The first question is the character of the case. As set out above, this case presents two basic issues: (1) did defendant breach the insurance contract by failing to payplaintiff's claim, and, if so, (2) was the breach vexatious? Second, I must I decide if a conflict of law actually exists. Under Missouri law:

Under Missouri law, "[a] breach of contract action includes the following essential elements: (1) the existence and terms of a contract; (2) that plaintiff performed or tendered performance pursuant to the contract; (3) breach of the contract by the defendant; and (4) damages suffered by the plaintiff." [Keveney v. Missouri Military Acad., 304 S.W.3d 98, 104 (Mo. 2010)].

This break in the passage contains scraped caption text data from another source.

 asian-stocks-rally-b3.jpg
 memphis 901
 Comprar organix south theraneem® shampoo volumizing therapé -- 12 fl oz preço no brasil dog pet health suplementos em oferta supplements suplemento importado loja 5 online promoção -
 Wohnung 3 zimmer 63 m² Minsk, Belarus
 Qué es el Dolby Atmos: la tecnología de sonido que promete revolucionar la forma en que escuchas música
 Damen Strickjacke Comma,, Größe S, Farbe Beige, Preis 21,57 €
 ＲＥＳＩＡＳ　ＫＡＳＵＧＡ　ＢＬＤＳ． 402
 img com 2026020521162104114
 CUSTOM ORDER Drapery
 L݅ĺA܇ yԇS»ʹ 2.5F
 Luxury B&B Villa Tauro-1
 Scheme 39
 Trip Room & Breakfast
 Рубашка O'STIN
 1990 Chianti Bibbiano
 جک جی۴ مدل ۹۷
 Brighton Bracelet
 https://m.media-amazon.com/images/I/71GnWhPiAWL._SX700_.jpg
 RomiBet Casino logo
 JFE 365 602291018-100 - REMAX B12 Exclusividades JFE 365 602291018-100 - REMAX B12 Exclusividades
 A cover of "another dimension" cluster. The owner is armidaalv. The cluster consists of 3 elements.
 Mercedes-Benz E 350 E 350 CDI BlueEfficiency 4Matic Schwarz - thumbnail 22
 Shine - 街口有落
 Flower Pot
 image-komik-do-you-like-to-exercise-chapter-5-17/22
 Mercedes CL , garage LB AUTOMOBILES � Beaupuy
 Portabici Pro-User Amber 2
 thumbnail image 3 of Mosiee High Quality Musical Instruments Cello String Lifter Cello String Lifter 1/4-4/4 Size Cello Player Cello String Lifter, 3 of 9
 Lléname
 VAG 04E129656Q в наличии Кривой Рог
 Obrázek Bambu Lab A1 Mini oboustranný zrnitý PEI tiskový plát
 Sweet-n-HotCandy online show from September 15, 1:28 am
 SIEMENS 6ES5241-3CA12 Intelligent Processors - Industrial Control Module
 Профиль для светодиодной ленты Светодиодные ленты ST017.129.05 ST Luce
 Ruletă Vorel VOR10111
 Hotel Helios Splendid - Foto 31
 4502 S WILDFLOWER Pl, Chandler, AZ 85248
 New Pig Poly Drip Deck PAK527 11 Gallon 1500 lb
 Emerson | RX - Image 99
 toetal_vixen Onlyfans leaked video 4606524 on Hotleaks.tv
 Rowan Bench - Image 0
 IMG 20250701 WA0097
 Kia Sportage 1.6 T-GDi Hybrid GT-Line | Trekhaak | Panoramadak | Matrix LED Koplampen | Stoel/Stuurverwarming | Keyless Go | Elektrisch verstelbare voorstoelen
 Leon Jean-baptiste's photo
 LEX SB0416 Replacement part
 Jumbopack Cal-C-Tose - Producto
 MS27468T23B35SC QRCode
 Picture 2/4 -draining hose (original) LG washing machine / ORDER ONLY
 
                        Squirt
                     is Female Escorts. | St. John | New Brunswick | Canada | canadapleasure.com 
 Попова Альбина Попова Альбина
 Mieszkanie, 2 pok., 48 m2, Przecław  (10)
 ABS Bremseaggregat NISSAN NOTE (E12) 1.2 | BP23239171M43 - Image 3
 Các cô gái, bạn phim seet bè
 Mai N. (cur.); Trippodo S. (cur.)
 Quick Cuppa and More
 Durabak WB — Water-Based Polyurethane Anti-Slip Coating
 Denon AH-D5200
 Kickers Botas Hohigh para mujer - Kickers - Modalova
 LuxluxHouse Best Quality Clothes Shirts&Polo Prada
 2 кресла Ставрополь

Smith Flooring, Inc. v. Pennsylvania Lumbermens Mut. Ins. Co., 713 F.3d 933, 941 (8th Cir. 2013). An insured can recover for vexatious denial if:

In any action against any insurance company to recover the amount of any loss under a policy...if it appears from the evidence that such company has refused to pay such loss without reasonable cause, the court or jury may, in addition to the amount thereof and interest, allow the plaintiff damages not to exceed twenty percent of the first fifteen hundred dollars of the loss, and ten percent of the amount of the loss in excess of fifteen hundred dollars and a reasonable attorney's fee. . . . Mo. Rev. Stat. § 375.420.

Axis Specialty Ins. Co. v. New Hampshire Ins. Co., 2016 WL 4257369, at *3 (W.D. Mo. 2016).

Under Iowa Law:

To prevail on a breach of contract claim, [plaintiff is] required to prove: (1) the existence of a contract, (2) the terms and conditions of the contract, (3) that [plaintiff] has performed all the terms and conditions required under the contract, (4) the defendant's breach of the contract in some particular way, and (5) that plaintiff has suffered damages as a result of defendant's breach. Molo Oil Co. v. River City Ford Truck Sales, Inc., 578 N.W.2d 222, 224 (Iowa 1998).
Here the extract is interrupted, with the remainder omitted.